(EXERCISE GOAL):
Retype every line from the one containing "8348 Barnwood Lane, Riverside, California" through the last line of the records below, both included; leave out the pictures.

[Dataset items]
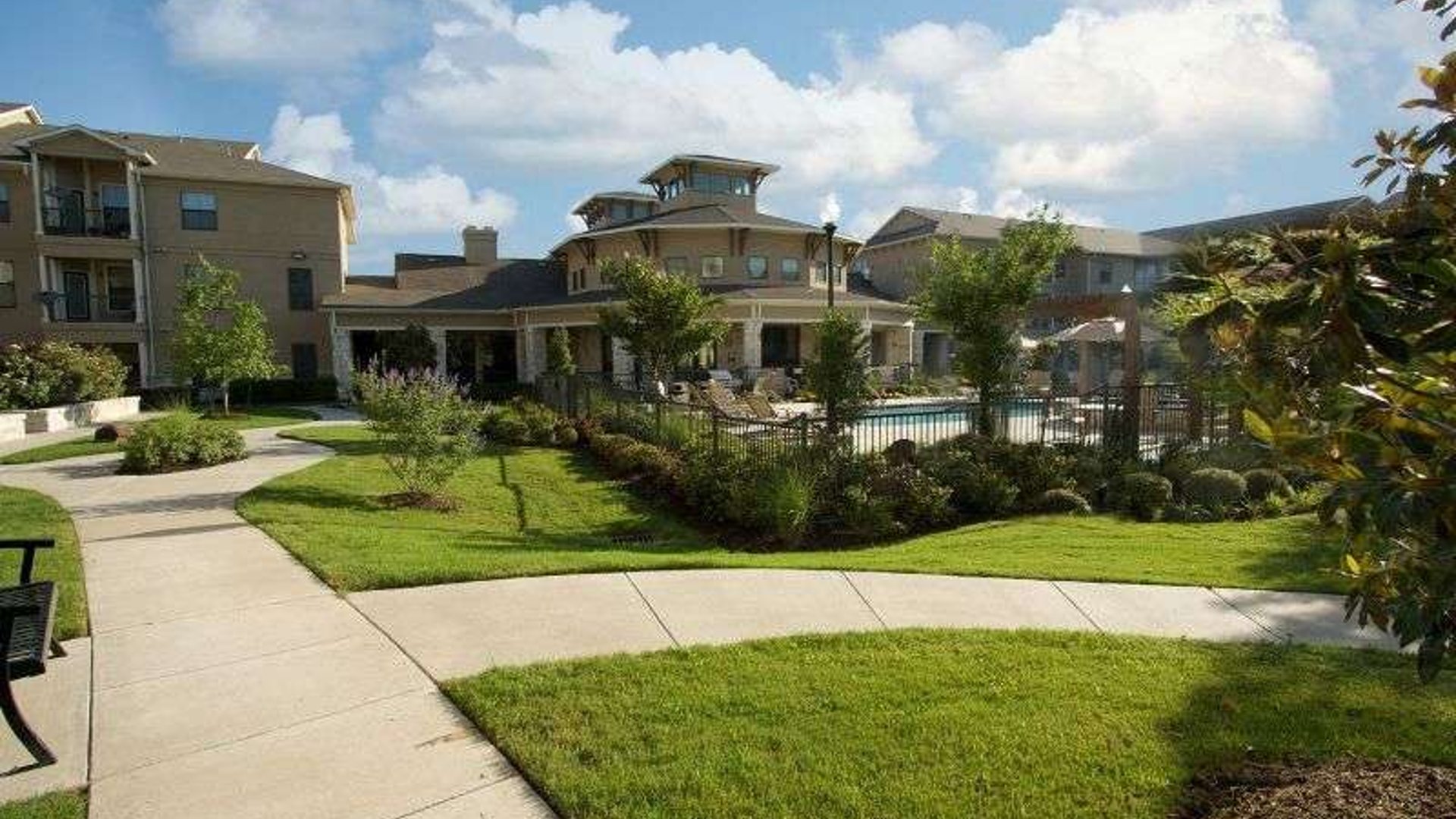 System.Collections.Generic.List`1[AFS.Common.Models.Photo] - Image 1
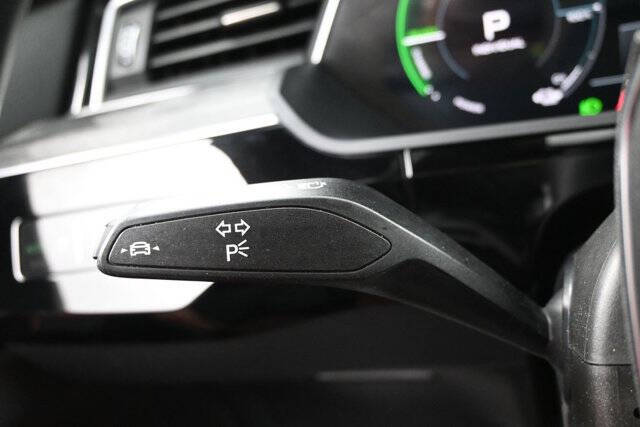 2022 Audi e-tron quattro Premium Plus
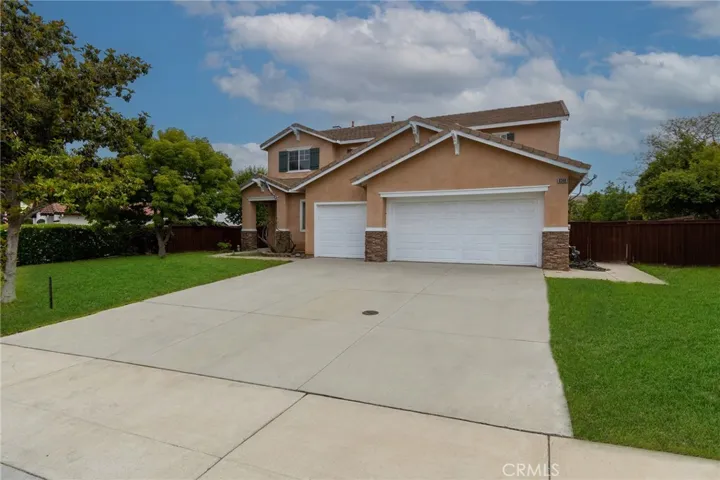 8348 Barnwood Lane, Riverside, California 92508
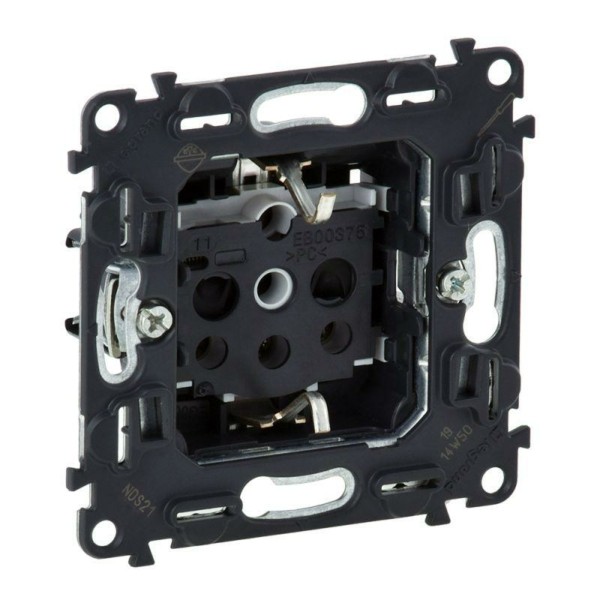 Розетка 1-м СП Valena In’matic 16А IP20 250В 2P+E защ. шторки винт. клеммы механизм Leg 753029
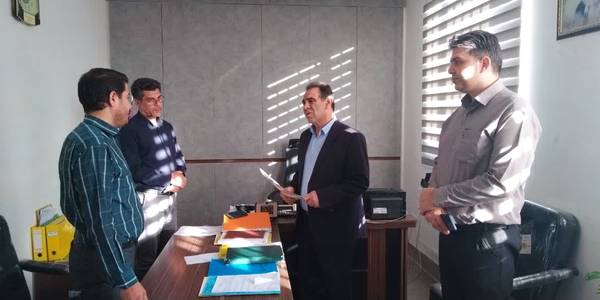 بازدید سرزده سرپرست فرمانداری از دستگاه‌های اجرایی و ادارات شهرستان شازند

(FINISHED EXERCISE):
 8348 Barnwood Lane, Riverside, California 92508
 Розетка 1-м СП Valena In’matic 16А IP20 250В 2P+E защ. шторки винт. клеммы механизм Leg 753029
 بازدید سرزده سرپرست فرمانداری از دستگاه‌های اجرایی و ادارات شهرستان شازند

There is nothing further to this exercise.